WORK REQUEST: What you give back should be exactly the lines from the one with "2017 Bowman Chrome" through the end of the data, without the pictures.

(STORED DATA Opens)

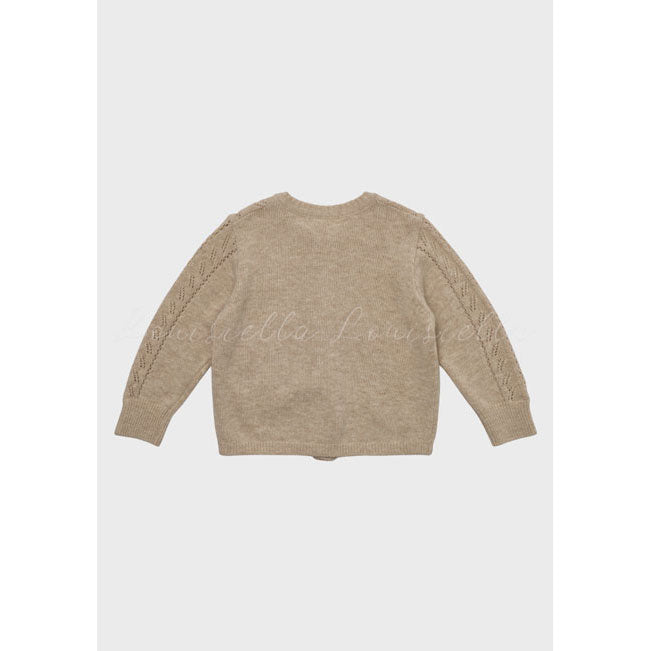 Louisiella Beige Abbie Knit Cardigan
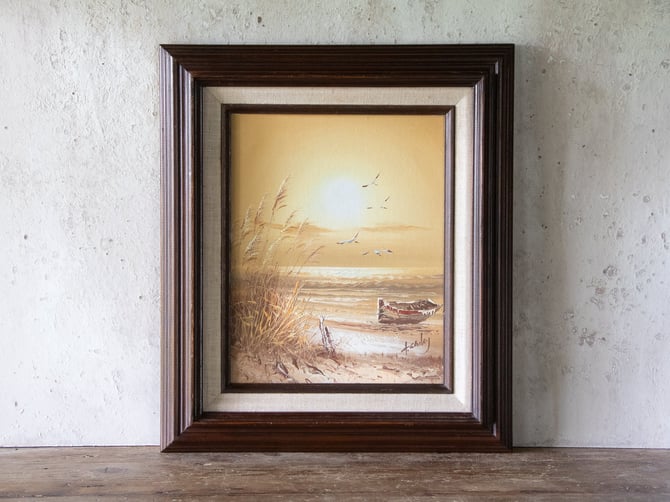 Vintage H Gailey Framed Oil Painting outlet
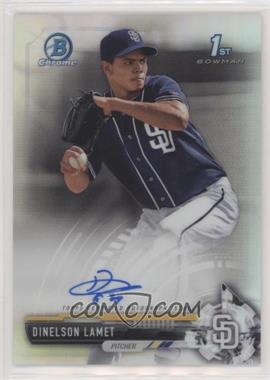 2017 Bowman Chrome - Prospect Autographs - Refractor #CPA-DLA - Dinelson Lamet /499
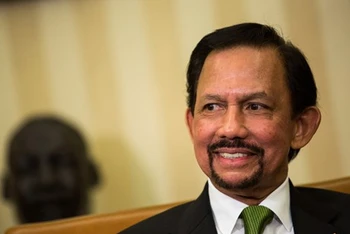 Quốc Vương Brunei Hassanal Bolkiah. (Nguồn: Reuters)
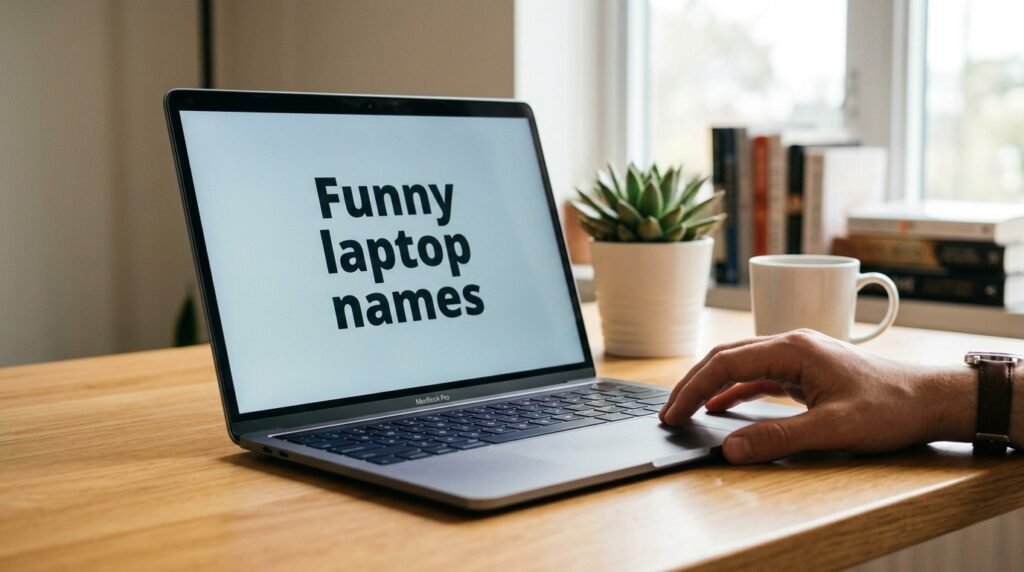 8. Funny laptop names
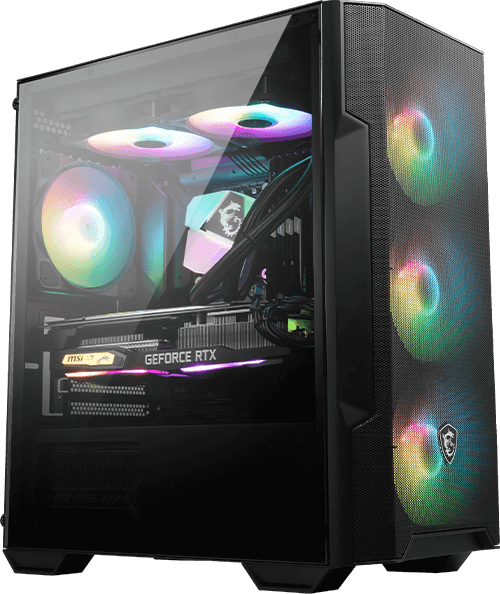 PC Gamer MSI Forge M100R NOIR x Petit Budget | Ryzen 5 4500 x RTX 3050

(STORED DATA Closes)

WRITTEN REPLY:
 2017 Bowman Chrome - Prospect Autographs - Refractor #CPA-DLA - Dinelson Lamet /499
 Quốc Vương Brunei Hassanal Bolkiah. (Nguồn: Reuters)
 8. Funny laptop names
 PC Gamer MSI Forge M100R NOIR x Petit Budget | Ryzen 5 4500 x RTX 3050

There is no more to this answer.